This is an archive of the discontinued LLVM Phabricator instance.

AMDGPU: Fix ds_{read,write}2_b64 on SI/gfx6
AbandonedPublic

Authored by nhaehnle on May 4 2019, 9:48 AM.

Details

Reviewers
arsenm
rampitec
Summary

Offsets for these instructions are in dwords, like for the b32 variants.

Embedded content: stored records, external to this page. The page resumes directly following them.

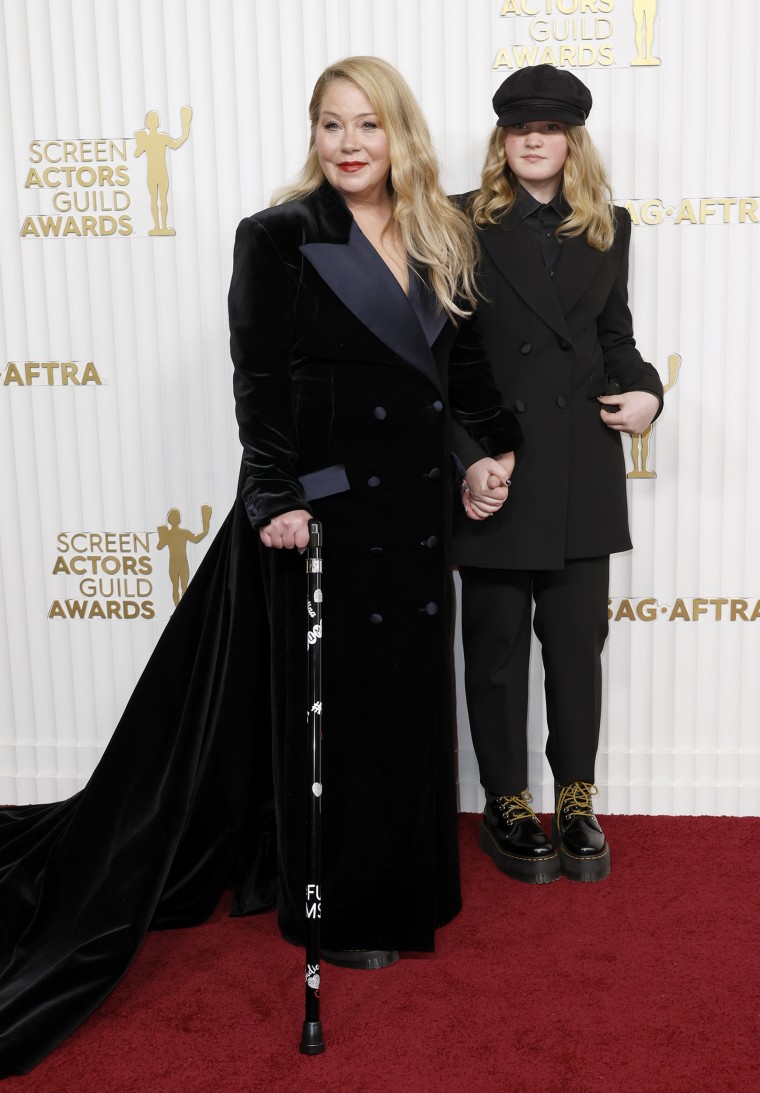 Christina Applegate Matches Her Daughter And Carries Cane Referencing Ms At Sag Awards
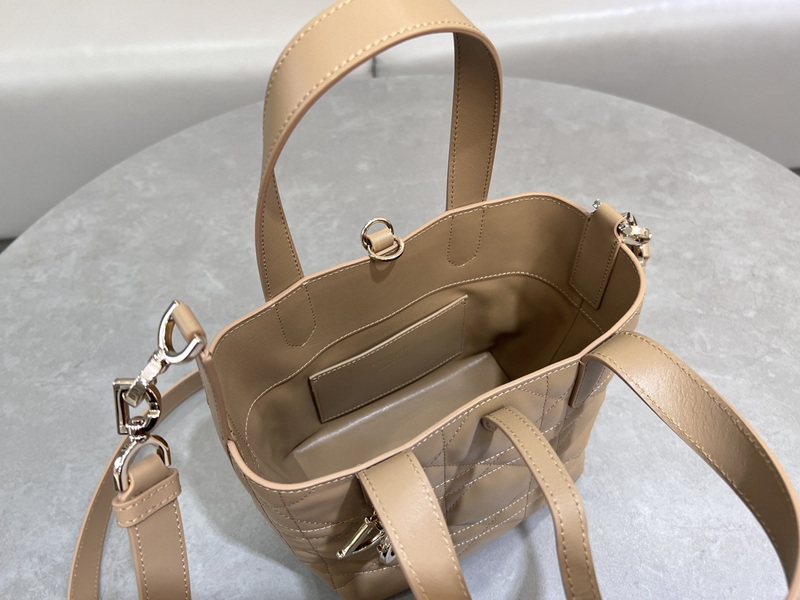 Dior Handbags AAA(Women)-687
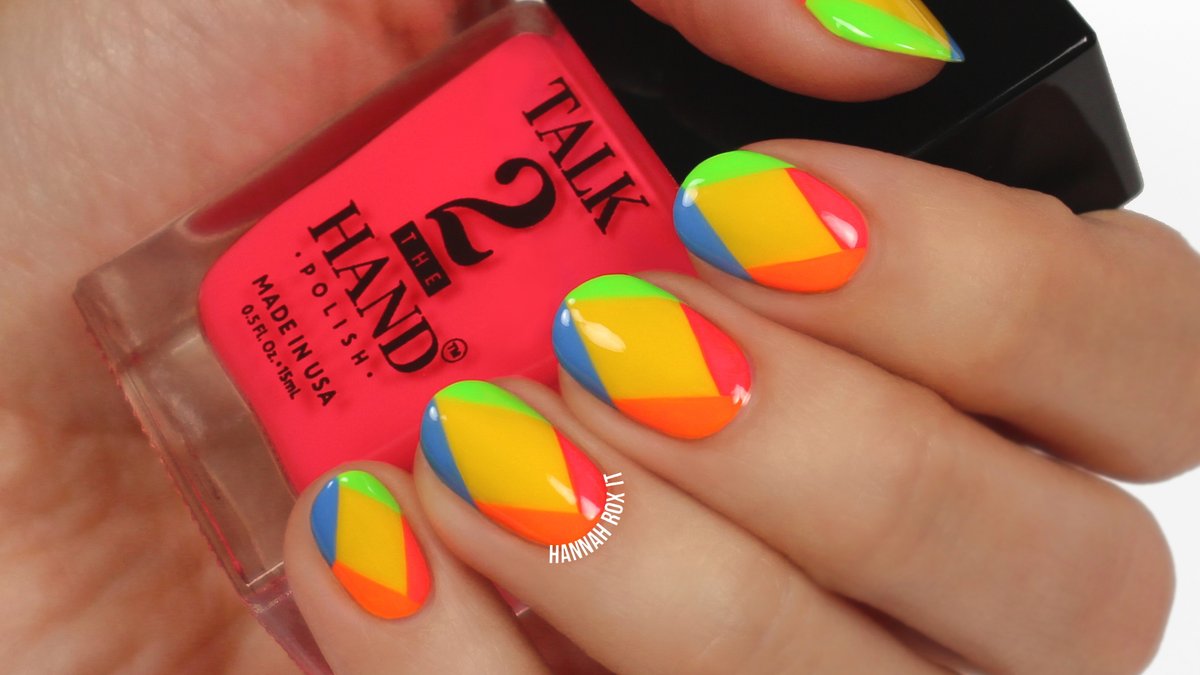 New video! Neon Geometric Nail Art using <a href="/ttthandpolish/">Talk To The Hand Polish</a>! Watch here: bit.ly/NeonGeometricN…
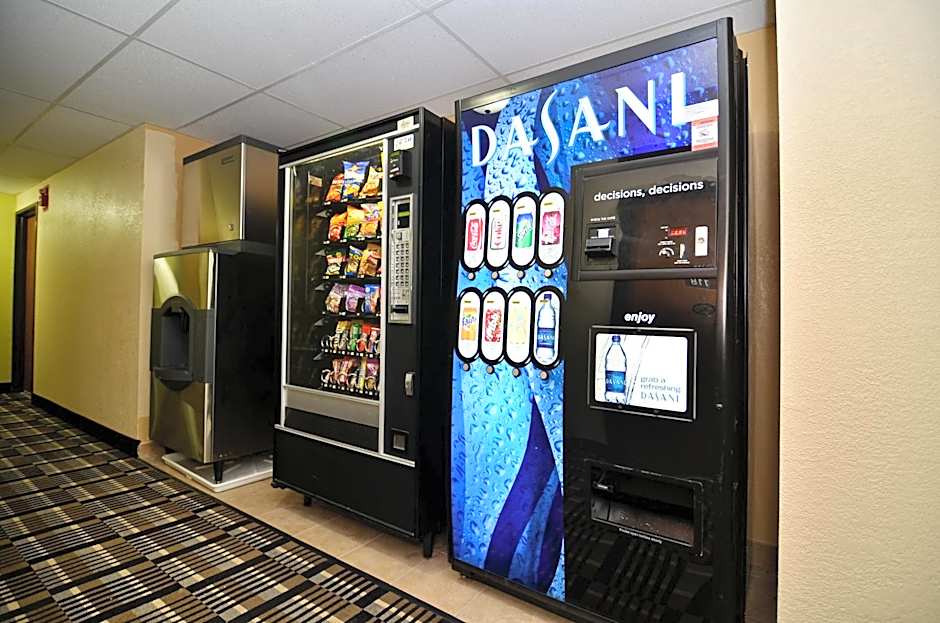 Ramada by Wyndham Cedar Rapids South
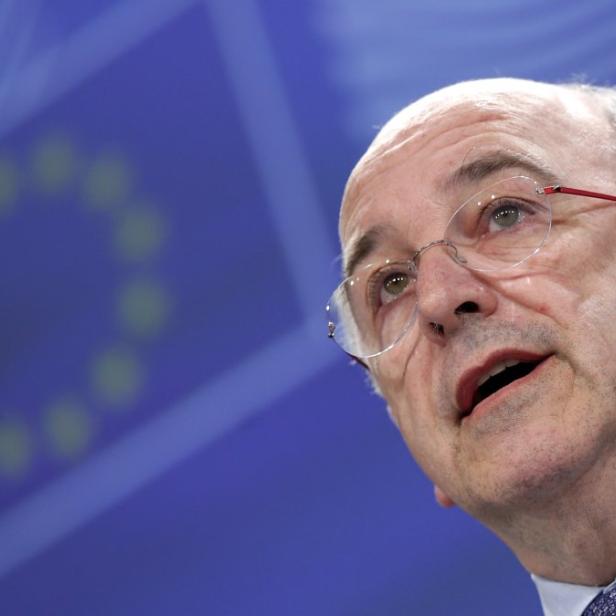 European Union Competition Commissioner Joaquin Almunia speaks during a news conference at the EU Commission headquarters in Brussels February 27, 2013. EU antitrust regulators blocked Ryanair&#039;s third attempt to acquire Irish rival Aer Lingus on Wednesday, a ruling Europe&#039;s biggest low-cost airline called politically motivated and vowed to challenge in court. REUTERS/Francois Lenoir (BELGIUM - Tags: TRANSPORT POLITICS BUSINESS)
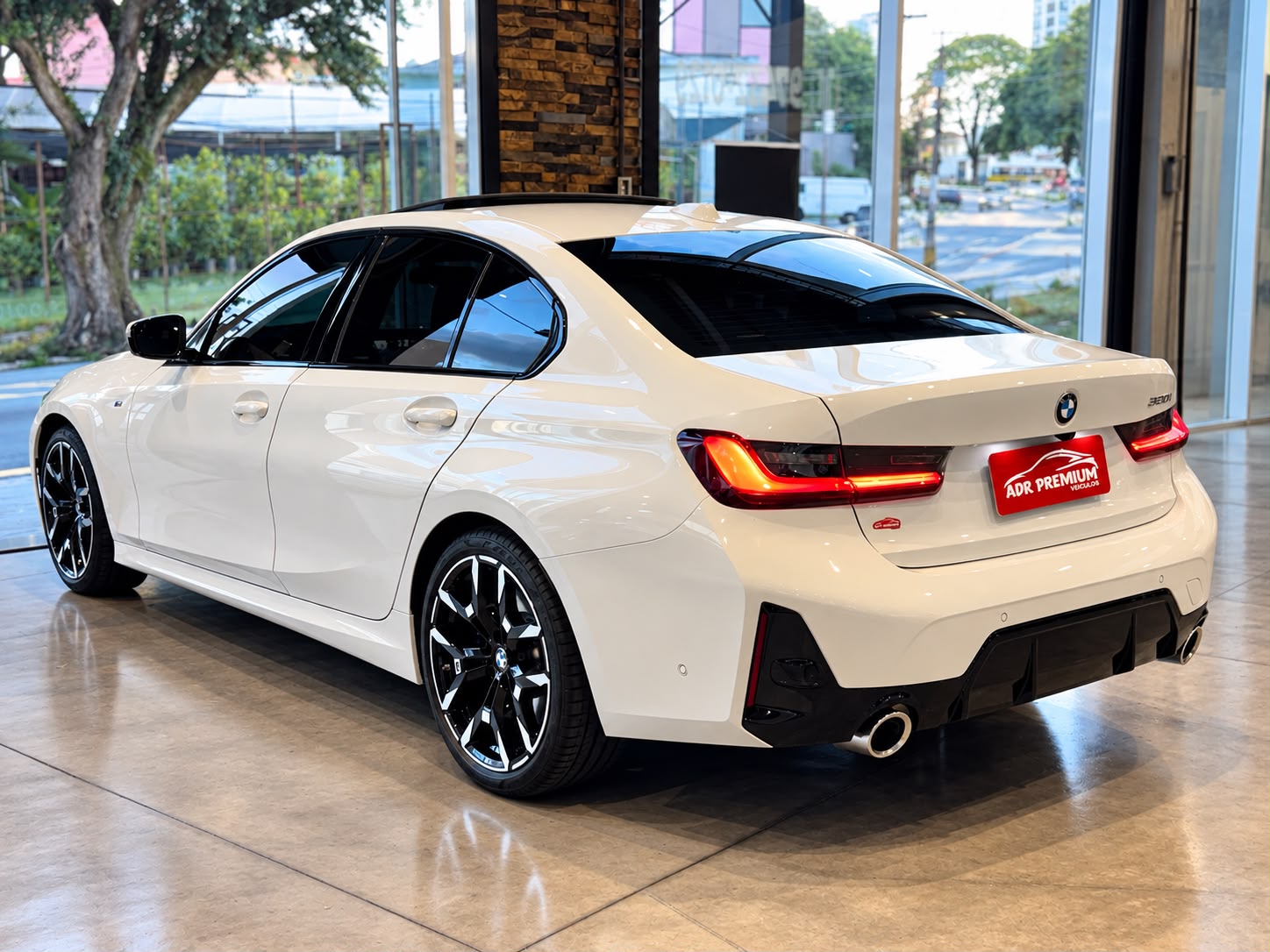 BMW 320i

This is exposed by a combination of:

  • better load / store vectorization in LLVM
  • an in-flight change in Mesa to specify an increased alignment for LDS in compute shaders, which enables more vectorization opportunities

This has been observed on real hardware in the following tests:

  • dEQP-GLES31.functional.compute.shared_var.basic_type.mat4_{lowp,mediump,highp}
  • dEQP-GLES31.functional.compute.shared_var.work_group_size.mat4_{64_1_1, 1_64_1, 1_1_64}

Change-Id: I63c20afd1467b126199be2891ab45451b0430103

Diff Detail

Event Timeline

nhaehnle created this revision.May 4 2019, 9:48 AM
Herald added a project: Restricted Project. · View Herald TranscriptMay 4 2019, 9:48 AM
rampitec added inline comments.May 4 2019, 10:15 AM
lib/Target/AMDGPU/SILoadStoreOptimizer.cpp
319

Was it really changed in CI?

arsenm added inline comments.May 4 2019, 2:04 PM
lib/Target/AMDGPU/SILoadStoreOptimizer.cpp
319

I doubt this changed, and the manual for SI and gfx9 plainly state it uses 8. This should also not use a hardcoded generation check if this is really true

nhaehnle abandoned this revision.May 7 2019, 4:27 AM

After some more investigation, you're right.

However, there is some SI-specific bug that none of D60459, D61313, and D60457 fix. It's triggered by a trivial modification of an unfortunately relatively complex shader and is extremely sensitive to code changes, so it might be some missing hazard or similar. I'll have to investigate that further.